Latest revision as of 05:31, 17 May 2011

Theorem: For a simple graph, any two of these three statements, taken together, imply the third:

  • The graph is connected.
  • The graph is acyclic.
  • The number of vertices in the graph is exactly one more than the number of edges.

Proof: By induction. In a graph with one vertex, all three statements hold, so the claim is trivially true. Now suppose that the claim holds for all simple graphs with V-1 vertices (where V \geq 2). We show it holds for all graphs with V vertices:

  • Suppose a simple graph G has V vertices and it is connected and acyclic. Choose any vertex u. Clearly u has degree at least one, since the graph is connected. If u has degree one, stop. If not, choose any edge incident upon u and denote the other endpoint v. If v has degree one, stop; otherwise choose a different edge out of v and denote the other endpoint w; keep following this procedure until reaching a vertex of degree one. (This procedure must terminate, otherwise the vertices of the graph would be exhausted and a cycle would be formed, a contradiction.) Let G' be G minus this vertex and its single incident edge. Clearly G' is still connected and acyclic and has V-1 vertices; therefore it has V-2 edges by the inductive hypothesis. Therefore G has V-1 edges.
  • Suppose a simple graph G has V vertices, is connected, and has V-1 edges. Since the graph is connected, all vertices have degree at least one. If every vertex has degree at least two, then the sum of degrees is at least 2V, so, by the handshake lemma, there are at least V vertices, a contradiction; therefore at least one vertex must have degree one. Let G' be the graph obtained by removing this vertex and its incident edge from G. Then G' is still connected and it has V-1 vertices and V-2 edges; by the inductive hypothesis, it is acyclic. Adding a single vertex and connecting it via a single edge to regenerate G clearly does not introduce any cycles.
  • Suppose a simple graph G is acyclic and has V vertices and V-1 edges. Assume G is not connected. Then, partition G into two nonempty subgraphs G_1 and G_2 (with V_1 and V_2 vertices, respectively) such that there are no edges in G between vertices from G_1 and G_2. Clearly both G_1 and G_2 are acyclic. If G_1 has at most V_1-1 edges and G_2 has at most V_2-1 edges, then G has at most V_1 + V_2 - 2 = V - 2 edges, a contradiction. Therefore, without loss of generality, assume G_1 has at least V_1 edges. Since G_1 is acyclic, the graph G_1' obtained by removing enough edges from G_1 so that there are only V_1-1 edges left is also acyclic. Now, by the inductive hypothesis, G_1' is connected. Therefore, if we add any edge to G_1' it will join two vertices that are already connected, and thus form a cycle. Therefore G_1 is not acyclic, a contradiction.
_\blacksquare

Proposition: There exists exactly one simple path between each pair of vertices in any tree.

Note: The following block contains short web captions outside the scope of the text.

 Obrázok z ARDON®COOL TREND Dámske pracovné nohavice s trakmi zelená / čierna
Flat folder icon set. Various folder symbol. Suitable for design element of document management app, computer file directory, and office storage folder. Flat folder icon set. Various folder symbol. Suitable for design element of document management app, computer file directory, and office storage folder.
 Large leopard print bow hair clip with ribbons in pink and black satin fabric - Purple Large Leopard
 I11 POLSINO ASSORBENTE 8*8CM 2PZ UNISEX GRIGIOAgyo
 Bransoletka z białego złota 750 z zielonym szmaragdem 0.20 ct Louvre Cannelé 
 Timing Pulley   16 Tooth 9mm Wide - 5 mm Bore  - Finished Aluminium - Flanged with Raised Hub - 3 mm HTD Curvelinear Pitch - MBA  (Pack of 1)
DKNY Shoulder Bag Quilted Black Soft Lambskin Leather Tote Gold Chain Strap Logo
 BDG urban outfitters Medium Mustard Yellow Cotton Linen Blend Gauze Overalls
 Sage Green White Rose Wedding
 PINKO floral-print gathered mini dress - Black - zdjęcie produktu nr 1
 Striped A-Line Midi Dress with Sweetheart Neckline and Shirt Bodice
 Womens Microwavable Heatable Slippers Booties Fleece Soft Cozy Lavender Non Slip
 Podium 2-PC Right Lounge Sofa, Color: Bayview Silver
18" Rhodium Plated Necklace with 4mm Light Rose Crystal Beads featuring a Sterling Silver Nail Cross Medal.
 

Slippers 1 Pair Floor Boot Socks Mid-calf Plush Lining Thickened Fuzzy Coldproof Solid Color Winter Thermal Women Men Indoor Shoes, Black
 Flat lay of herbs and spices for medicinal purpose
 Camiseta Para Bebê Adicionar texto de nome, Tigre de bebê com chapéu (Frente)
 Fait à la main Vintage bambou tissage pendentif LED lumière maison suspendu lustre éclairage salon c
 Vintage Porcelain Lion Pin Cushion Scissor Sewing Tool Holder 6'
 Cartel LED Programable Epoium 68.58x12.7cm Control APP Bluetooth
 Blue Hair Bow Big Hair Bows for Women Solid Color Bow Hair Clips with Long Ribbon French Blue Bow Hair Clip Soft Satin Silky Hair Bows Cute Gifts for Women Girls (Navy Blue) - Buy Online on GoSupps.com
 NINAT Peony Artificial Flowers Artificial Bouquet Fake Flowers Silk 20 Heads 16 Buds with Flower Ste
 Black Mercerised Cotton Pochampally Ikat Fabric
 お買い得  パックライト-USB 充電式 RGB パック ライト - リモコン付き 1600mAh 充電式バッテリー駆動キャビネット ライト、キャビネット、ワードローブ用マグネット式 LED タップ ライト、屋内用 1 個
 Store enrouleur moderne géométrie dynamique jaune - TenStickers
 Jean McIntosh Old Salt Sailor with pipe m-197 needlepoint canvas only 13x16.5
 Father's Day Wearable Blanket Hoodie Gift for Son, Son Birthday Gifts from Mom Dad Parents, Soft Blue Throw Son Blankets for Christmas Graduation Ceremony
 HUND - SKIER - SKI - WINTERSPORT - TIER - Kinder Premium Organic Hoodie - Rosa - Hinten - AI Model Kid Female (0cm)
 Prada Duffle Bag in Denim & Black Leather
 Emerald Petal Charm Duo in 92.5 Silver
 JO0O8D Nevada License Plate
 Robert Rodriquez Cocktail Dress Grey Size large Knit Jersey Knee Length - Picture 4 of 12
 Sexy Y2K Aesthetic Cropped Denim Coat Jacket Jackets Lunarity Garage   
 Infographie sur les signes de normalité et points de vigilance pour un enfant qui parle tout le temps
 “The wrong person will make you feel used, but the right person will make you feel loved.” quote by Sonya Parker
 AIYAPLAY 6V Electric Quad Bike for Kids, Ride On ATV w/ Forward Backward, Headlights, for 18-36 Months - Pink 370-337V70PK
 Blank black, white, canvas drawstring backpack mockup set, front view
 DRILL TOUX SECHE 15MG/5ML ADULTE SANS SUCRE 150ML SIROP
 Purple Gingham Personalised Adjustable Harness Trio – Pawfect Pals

Proof: A tree is connected, therefore there exists at least one simple path between each pair of vertices. Suppose there exist two simple paths (or more) between the vertices u and v, with u \neq v, namely, u = s_0, s_1, \ldots, s_m = v and v = t_0, t_1, \ldots, t_n = v. Let p be the least i > 0 such that s_p equals one of the t's. Clearly such a p always exists because s_m = t_n and m > 0. Let q be such that s_p = t_q; since both paths are simple, there is exactly one such q. Then consider the sequence of vertices u = s_0, s_1, \ldots, s_p = t_q, t_{q-1}, \ldots, t_0 = u. Clearly no two of the s's are equal, since they are drawn from a simple path; the same is true of the t's. Also, s_i \neq t_j unless i = p, j = q or i = 0, j = 0, because of the way p was selected. Therefore this sequence of vertices forms a simple cycle, a contradiction.

_\blacksquare

Proposition: Every tree is planar.

Proof 1: Since K_5 and K_{3,3} are not acyclic, neither are any of their subdivisions. Therefore no subdivision of either of these is a subgraph of any tree, as all subgraphs of any tree are acyclic. By Kuratowski's theorem, all trees are therefore planar.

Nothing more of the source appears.